Uma forma de disposição dos componentes da obra — lâmpadas fluorescentes (no caso de Dan Flavin, barrotes de madeira, no de Carl Andre) — que correspondesse mais à democracia de massas, à produção em série e à quase extinção do artesanato no mundo de hoje.

No entanto o primeiro amor do artista foi mesmo Marcel Duchamp. Lançar desafios complexos e humorados ao observador, pondo em xeque sua soberania, é algo que o mobiliza. Muitas de suas peças se fazem por si mesmas.

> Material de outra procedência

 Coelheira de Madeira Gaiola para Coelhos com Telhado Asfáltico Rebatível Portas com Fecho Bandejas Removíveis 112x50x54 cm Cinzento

Uma esfera de glicerina que aos poucos perde água e vai se transformando. A longa cauda de argila que parte à medida que seca. As placas de vidro laminado sobrepostas meio ao acaso, produzindo as mais diferentes tonalidades e assim por diante.

A relação entre um artista e sua obra é extremamente complexa. Matisse possivelmente realizou a obra mais alegre de todos os modernos. No entanto era um homem intranquilo e angustiado, que muitas vezes precisava de que sua primeira esposa, Amélie, lesse em voz alta até o amanhecer para que ele conseguisse conciliar o sono.

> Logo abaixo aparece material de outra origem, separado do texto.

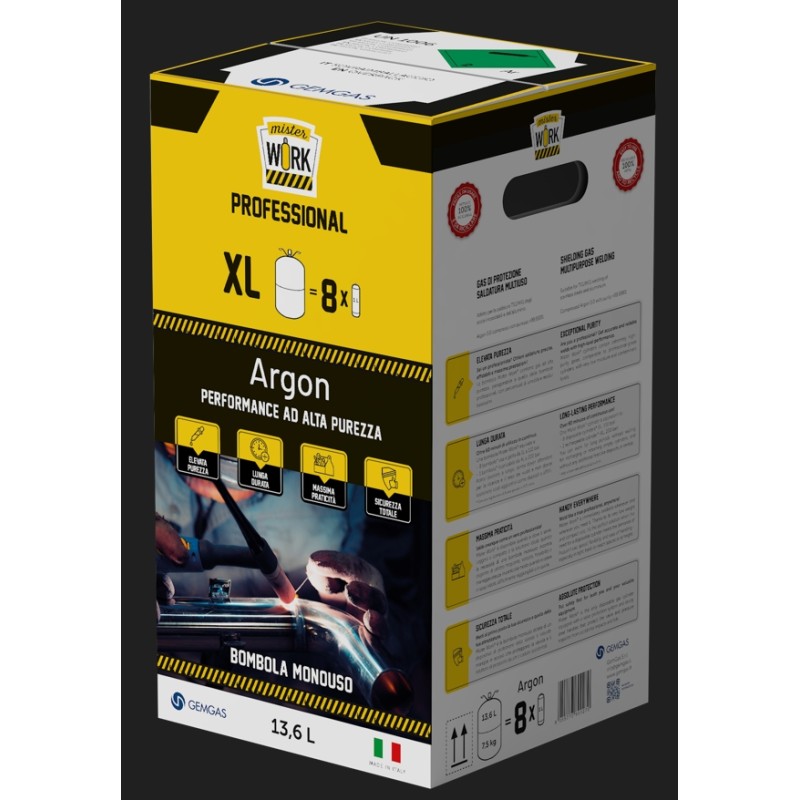 Bombola gas a perdere ARGON + CO² 14 litri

No caso de Fajardo, acredito que sua obra o influenciou mais do que vice-versa. Ele é uma pessoa solidária, mas avessa a arroubos emotivos. Pode-se contar com ele para quase tudo, mas penso que não gostaria de ouvir confidências. Nem cria situações que propiciem tais intimidades. Ele também não as faz. Sua vida íntima talvez tenha compartilhado com Renata Ribeiro da Luz — a primeira esposa, que não cheguei a conhecer — com Raquel de Almeida Magalhães, sua segunda mulher, ou com Vânia Chene, sua atual companheira.

Num país que valorize as artes visuais muito possivelmente alguma fundação já lhe teria garantido uma vida menos dura e um futuro mais tranquilo pela enorme contribuição que prestou às artes com sua obra e seu ensino. Felizmente nosso jovem ancião ainda tem saúde e, como Braguinha, muita alegria de viver.